A century later, Daunasia Yancey, an activist with the Boston chapter of Black Lives Matter, said she experienced a similar pushback in 2015 during a tense meeting with then-presidential candidate Hilary Clinton and members of Boston BLM who confronted Clinton about racial injustice in America.

“I don’t believe you change hearts,” Clinton told the group. “I believe you change laws.”

Yancey said she was unfamiliar at the time with Trotter’s legacy, or his tone and tactics that parallel her own.

“I hadn't really read much about William Monroe Trotter, but it’s got me feeling fired up because that's exactly what we're about, and we faced the same pushback about how those are not the tactics we need to use. Even from Hilary Clinton herself, who told us that if you want to get something done, you need to use policy,” Yancey said. “To see that Trotter was implementing the same tactics of direct action and public call-outs is not surprising at all, because we got it from somewhere. Even if young activists haven't been exposed to his work, we still live in that legacy.”

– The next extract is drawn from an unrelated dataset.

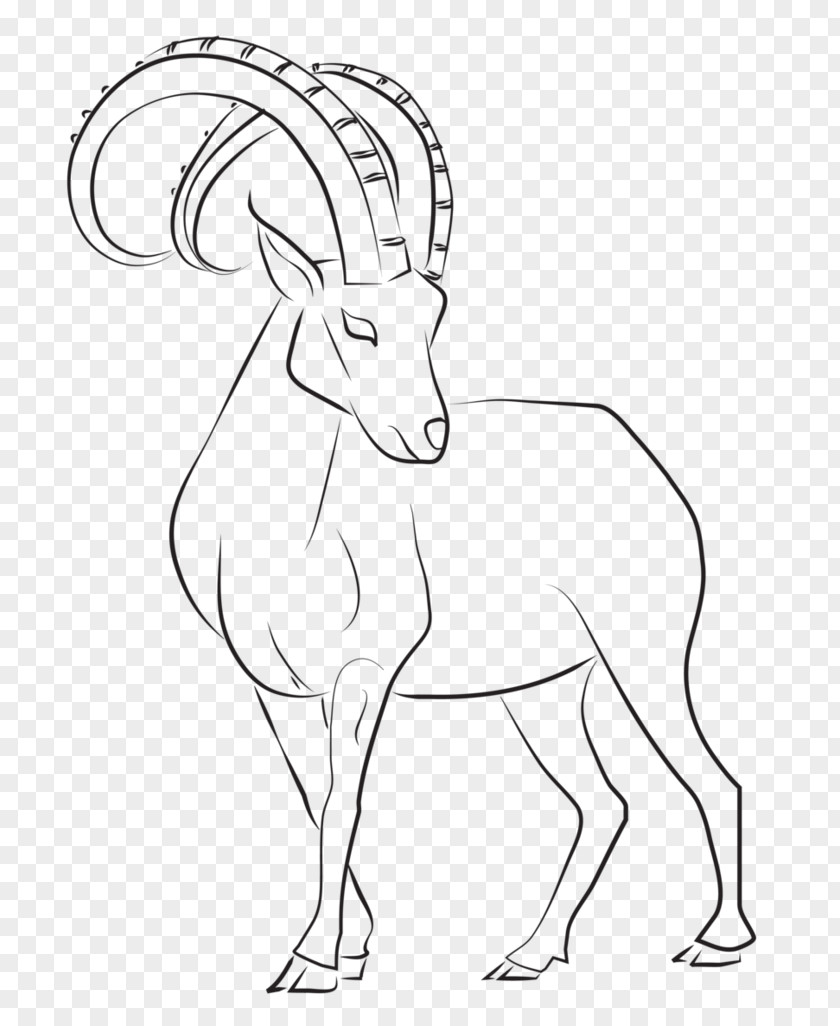 Goat Alpine Ibex Drawing Line Art Tattoo PNG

That, Brooks says, is Trotter's legacy, his life's work: not to be a household name, but to inspire future generations.

“I'm not entirely sure he would care too much about whether or not he was acknowledged as opposed to whether or not he was heeded,” Brooks said. “What I do know is that a great many folks are drawing from a well that they may not be aware is there and that was dug for them.”

Correction: this article has been updated to clarify the location of William Monroe Trotter's death.